• [Task statement]
For the entries below, return every line from the top through the line with "white and brown" exactly as it stands, omitting pictures.

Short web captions

========================

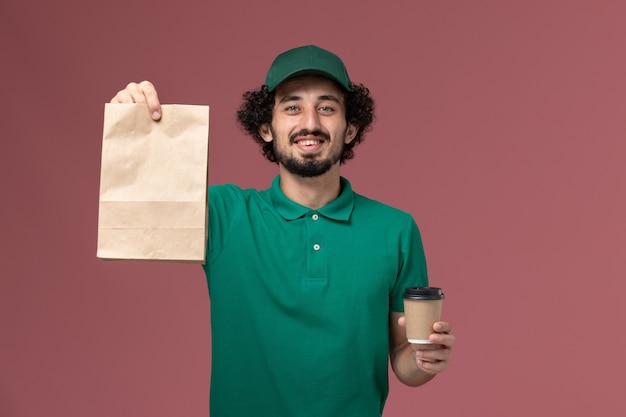 Front view male courier in green uniform and cape holding delivery coffee cup and food package on the pink background uniform delivery service job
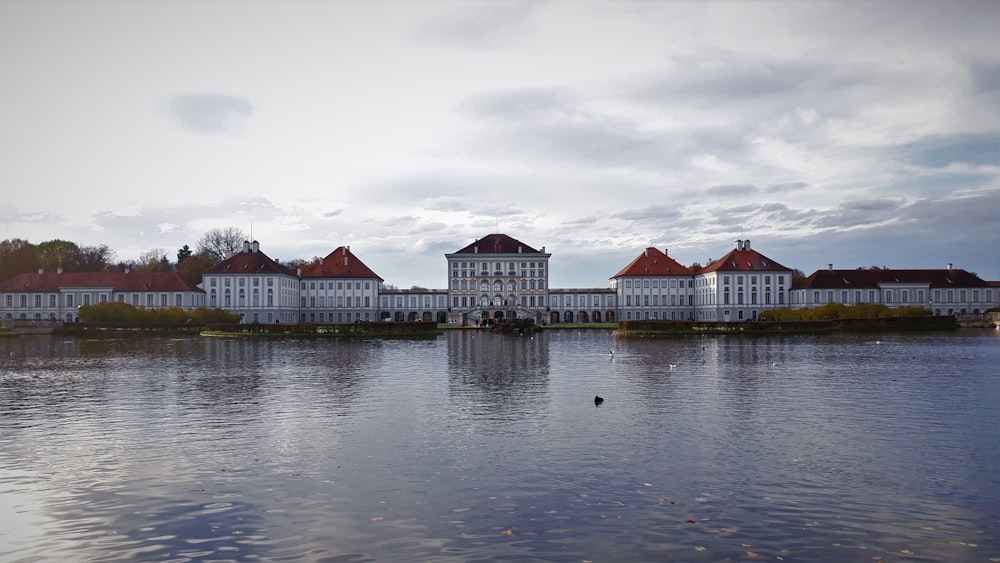 white and brown concrete building near body of water during daytime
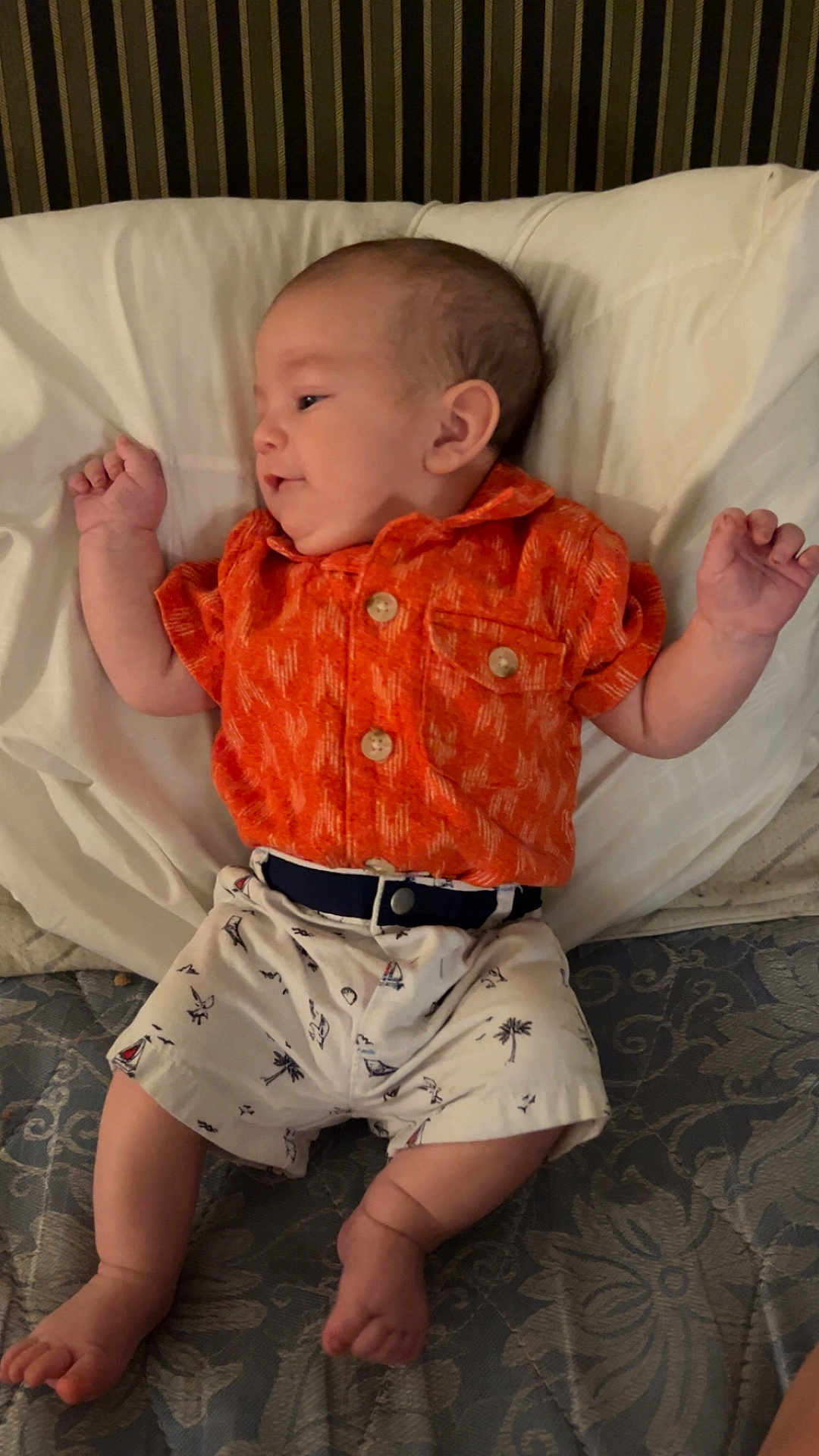 Johnathon Reinhardt is registered to the contest to win money with this photo: baby, infant, child, orange_shirt, shorts, bed, pillow, mattress, patterned, lying_down, cute, small, skin, face, hands, feet, clothing, indoor, relaxed, portrait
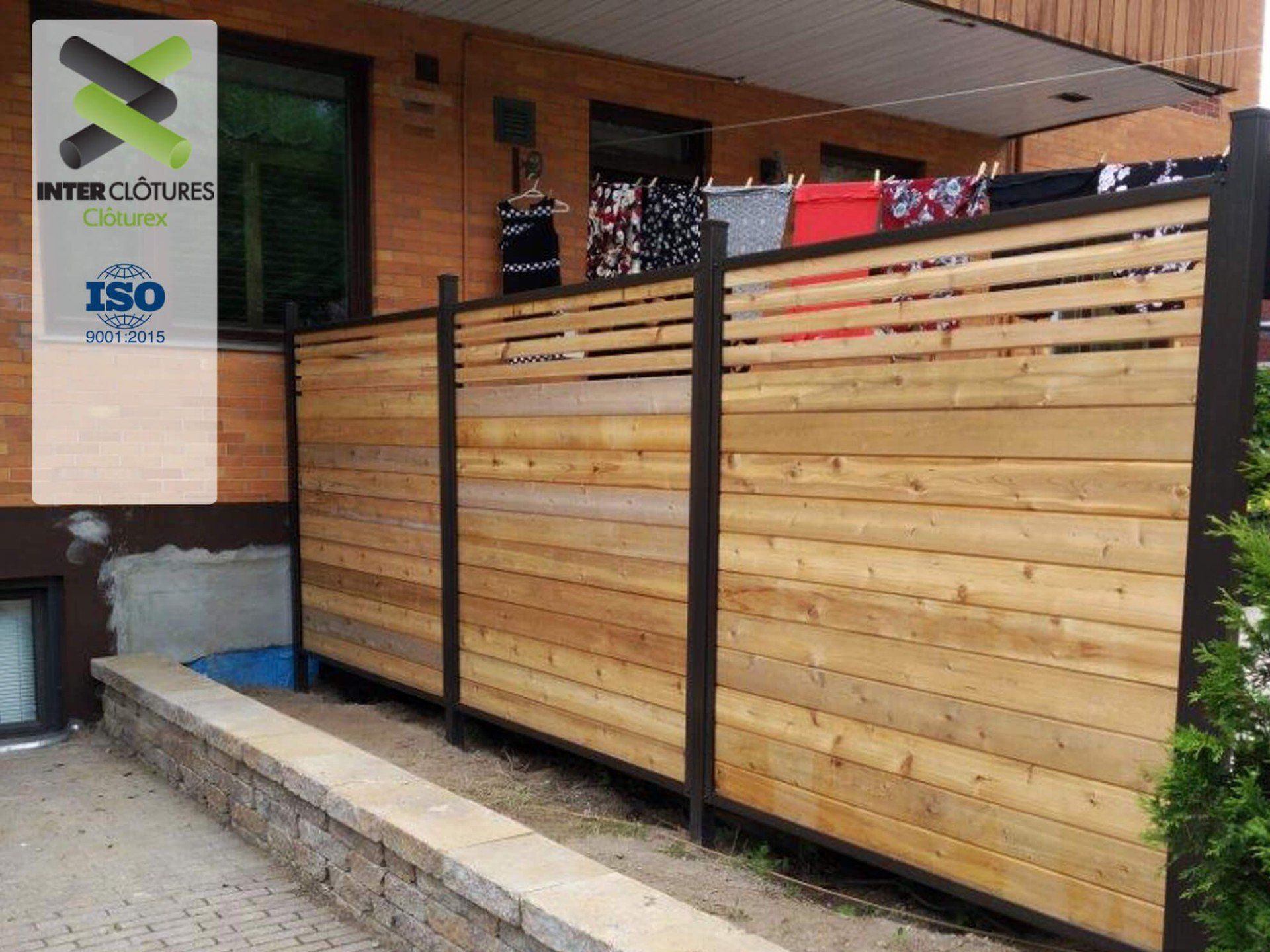 Une clôture en bois se trouve devant un bâtiment en briques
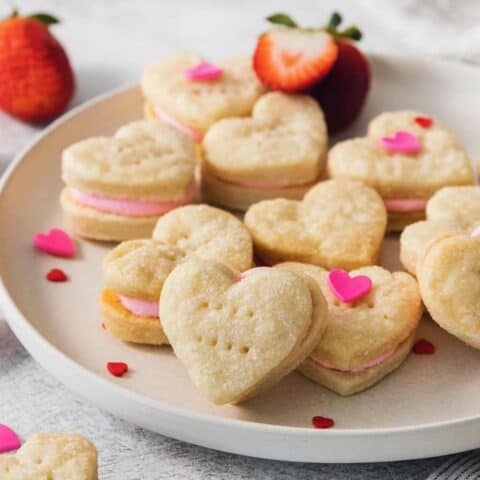 Heart-shaped strawberry cream wafer cookies are displayed on a white plate.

========================

• [Task answer]
 Front view male courier in green uniform and cape holding delivery coffee cup and food package on the pink background uniform delivery service job
 white and brown concrete building near body of water during daytime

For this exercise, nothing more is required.